Tattoos are mandatory at ABGA shows because they tie the goat to the papers. Ear tags are not.


----------



## robin4 (Oct 12, 2013)

Tenacross said:


> Tattoos are mandatory at ABGA shows because they tie the goat to the papers. Ear tags are not.


Thank you

Now just trying to be completely clear, as long as my goat has ear tattoos, I can enter a show.

So why do people spend money and time on ear tags?

And will I look like an oddball, not having tags?


----------



## toth boer goats (Jul 20, 2008)

Tags are used to verify kids, if you have many goats, so you don't get them mixed up with who is who for registration purposes.
They are not mandatory but for me, I have quite a few goats and want to be able to know who goes to who. 
And not give wrong papers to the wrong goat.

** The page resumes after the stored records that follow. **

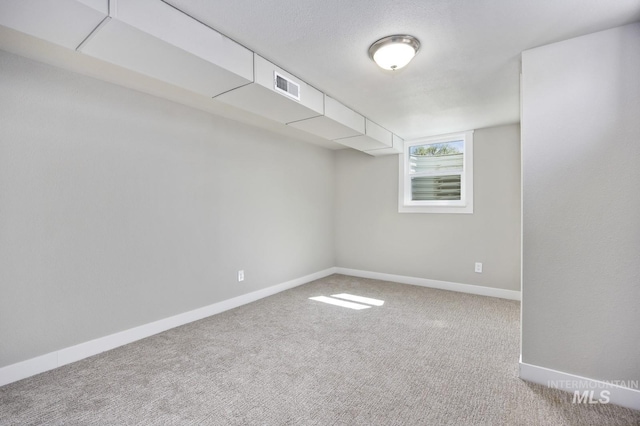 basement with visible vents, baseboards, and carpet floors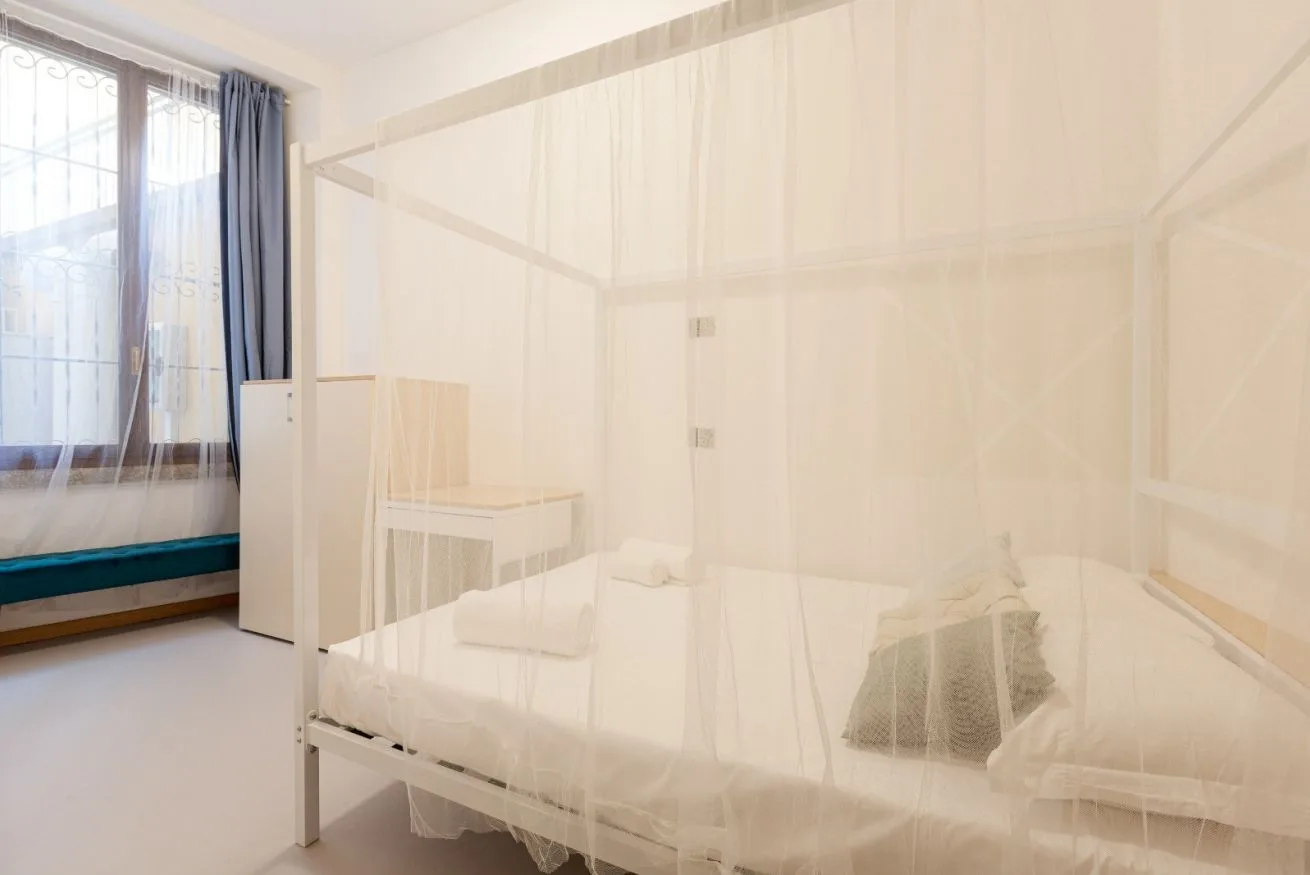 A bedroom with a bed draped in a sheer canopy beside a large window.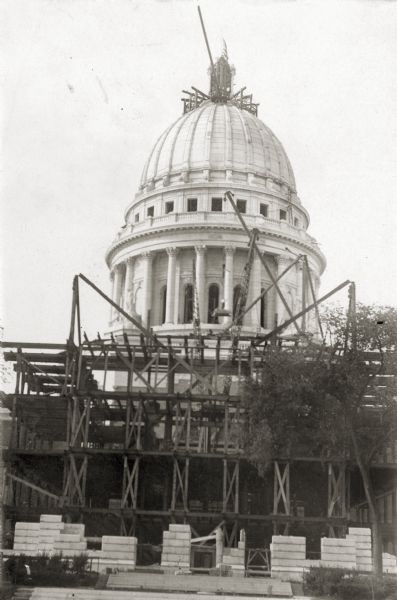 North wing of the Wisconsin State Capitol under construction, with construction scaffolding in the foreground.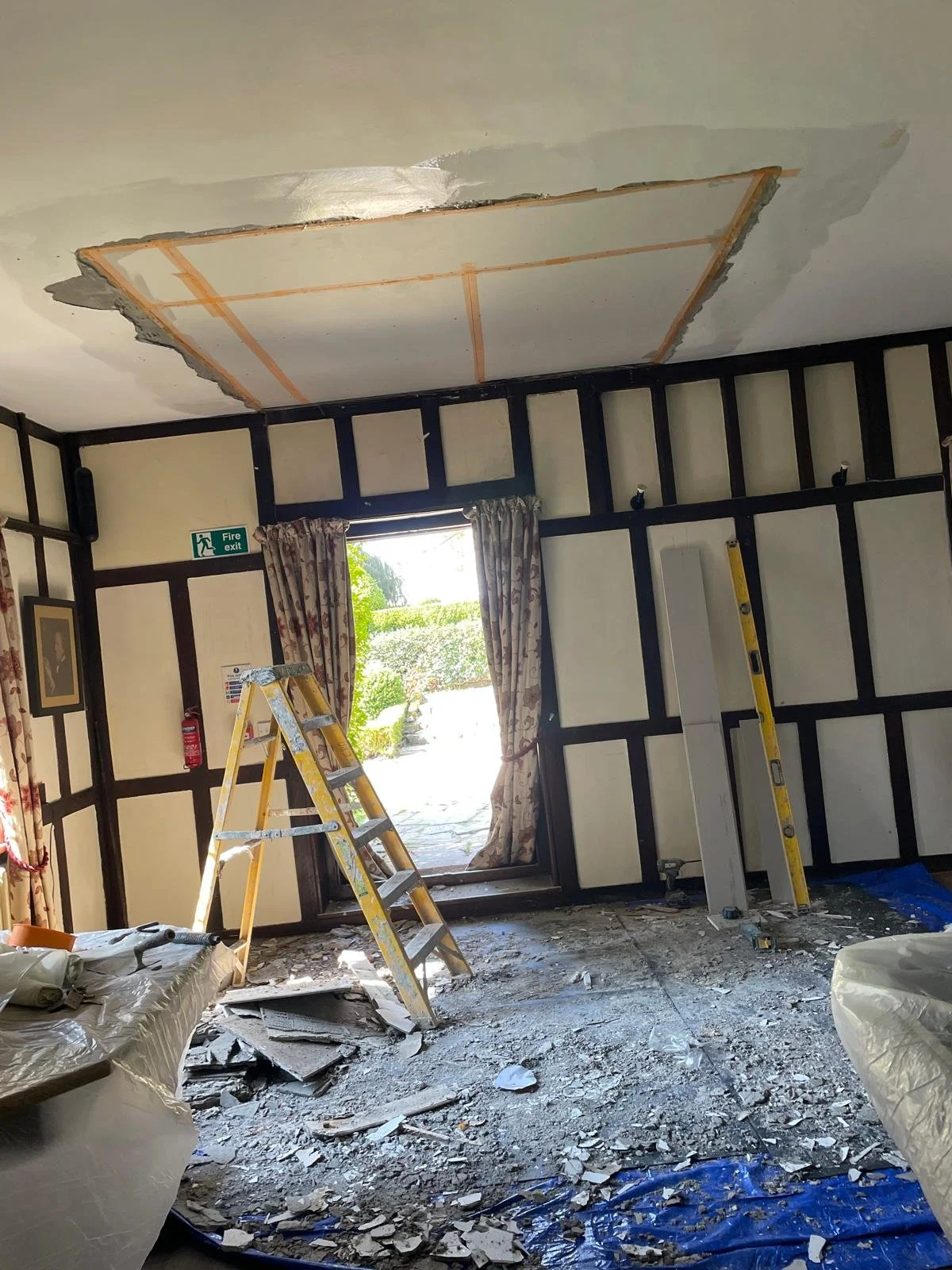 A room under renovation with a ceiling partially removed, revealing the structure above. Ladders and construction materials are present, and the floor is covered in debris.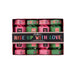 A beautifully presented pink and red box with colourful writing saying 'Rise Up With Love', written on a black paper band across the box.  Box displays four individual 30ml handcreams. Packed in four individual crackers (two pink and two green) which can be split into four lovely table gifts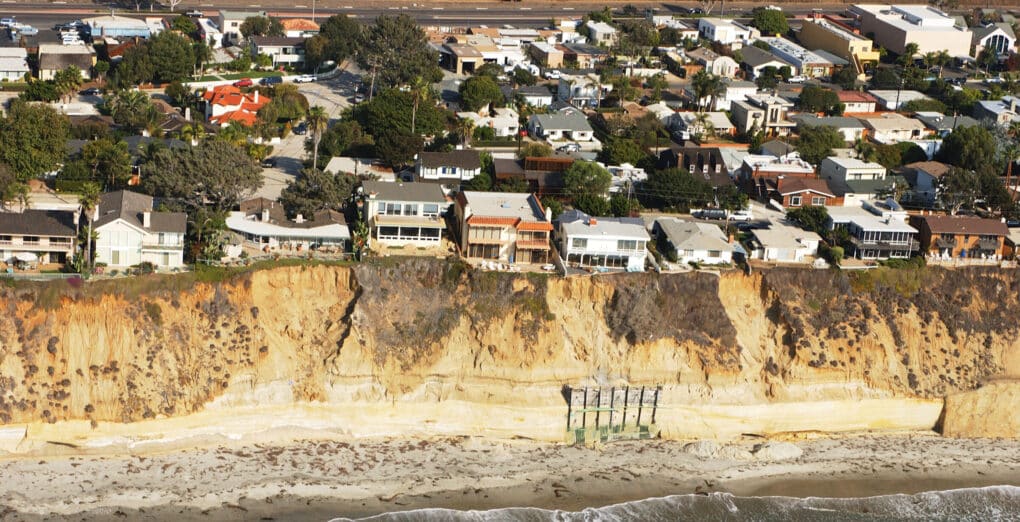 Aerial view of homes along a high sand bluff, with the ocean below.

If you show at ABGA, the goat must be registered and tattooed. This is all that is needed, no tags are required when registered and tattooed.
The tat must match the registration papers.


----------



## robin4 (Oct 12, 2013)

toth boer goats said:


> Tags are used to verify kids, if you have many goats, so you don't get them mixed up with who is who for registration purposes.
> They are not mandatory but for me, I have quite a few goats and want to be able to know who goes to who.
> And not give wrong papers to the wrong goat.
> 
> ...


Always nice to here from you tothboergoats. Thank you


----------



## toth boer goats (Jul 20, 2008)

You are so very welcome robin4 :hi5:


----------